Although he had planned to stay where he was the rest of the day, the chill in the air forces him to move on to keep warm. As he travels, the woods become denser, and night begins to fall. Fearing that he will be left in the open after it becomes too dark to travel, he is gladdened when he sees a light ahead. He finds a hut and looks in. It is a simple place inhabited by a hermit, a situation which the prince considers most fortunate. He knocks on the door and is invited in. When he is asked who he is, he answers simply that he is the king. The hermit welcomes him, seats him by the fire, and, pacing the floor, talks about his life as a hermit. He lapses into muttering for some moments, and then he comes over to the prince and whispers, "I am an archangel!"

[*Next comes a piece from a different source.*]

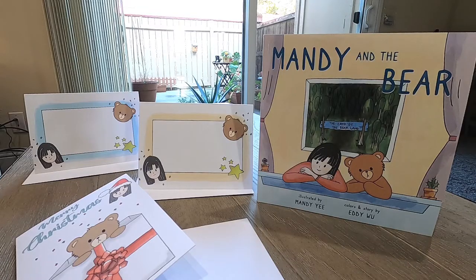This video is proudly sponsored by Mandy and the Bear. If you haven't picked up a copy of this book yet, it's now available on Amazon.com. Click the link in the description box for more information.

Becoming more energetic, he tells the prince how he was made an archangel. Then he angrily asserts that he should have been pope, instead of a mere archangel; had it not been for the king, who cast him from his religious home, he would have become pope. He continues ranting and raving about this injustice for an hour, and the prince can only sit there, listening to the hermit's ravings. Then, as suddenly as it appeared, the hermit's frenzy leaves him, and he gently tends the prince's wounds and feeds him. After the meal, the hermit puts the prince into bed and then sits by the fire, musing. When the prince is almost asleep, the hermit starts up and asks the boy if he is truly a king. When he hears that his guest is not only a king, but the King of England, and that Henry VIII is dead, a frown crosses the hermit's face, and "he clenched his bony hands with a vindictive energy."

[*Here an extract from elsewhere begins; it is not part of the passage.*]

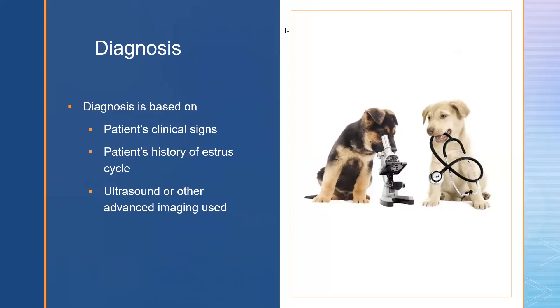Veterinarians will base their diagnosis on the patient's clinical signs, a full patient history including the point of the estrous cycle the animal is in, as well as ultrasound findings and any other diagnostic tools that have been run.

He softly asks the boy if he knows that it was Henry who turned him and his brethren out of the monasteries. When he discovers that the prince has not heard him, that the boy has fallen asleep, the hermit smiles, listens carefully for a time, and begins searching for something. When he finds an old, rusty knife and a whetstone, he sits by the fire and begins sharpening the knife. As he sharpens it, he mutters to himself, occasionally revealing that he plans to do to the boy what he would have liked to have done to Henry VIII.
When the prince stirs, the hermit leaps to the bedside, knife upraised; then, when the boy once again resumes his deep sleep, the hermit leaves his side. Noting the time, however, he decides that it would be best if his victim did not make any noise to attract a chance passerby. Therefore, the hermit stealthily binds up his captive as he sleeps. When he is finished, the hermit again sits by the fire and softly begins to whet the knife again, mumbling and gloating to himself.
When he discovers that his victim is awake and staring at him wide-eyed, the hermit asks the prince if he has prayed. The boy struggles to get loose of his bonds, and the hermit tells him to pray his last prayer. As the day begins to dawn, the hermit kneels by the boy, knife in hand. Just as he is about to plunge the knife into Edward's body, voices are heard outside the hut, followed by a thunderous knocking on the door. A voice calls for the door to be opened, and the prince feels that there is hope once again, for the voice is that of Miles Hendon.
The hermit talks with Hendon, telling him that the boy has been sent on an errand and will return shortly. The prince tries to make some kind of noise that will attract Hendon's attention, but the hermit attributes it to a noise in a nearby grove. Finally, Hendon grows impatient and says that he would like to follow the prince and find him. The hermit decides to lead Hendon away. As soon as Hendon and the hermit leave, the door opens. In walk John Canty and Hugo, and the prince is even glad to see them.
They soon free him and, each taking an arm, hurry him through the forest.
Hugo takes some joy in finding small, unobtrusive, and "accidental" ways of making the prince uncomfortable. For example, Hugo "accidentally" steps on the prince's toes three times. The first two times, the prince ignores it; the third time, however, he seizes a cudgel and proceeds to beat Hugo with it, using his skills in weap-onry that he learned from his masters at court. This brings him high esteem from the rest of the vagabond troop. Yet they are confused by the boy's actions: he refuses to steal, he refuses to beg, and he refuses to do any work of any kind. In addition, he takes every possible opportunity to try and escape.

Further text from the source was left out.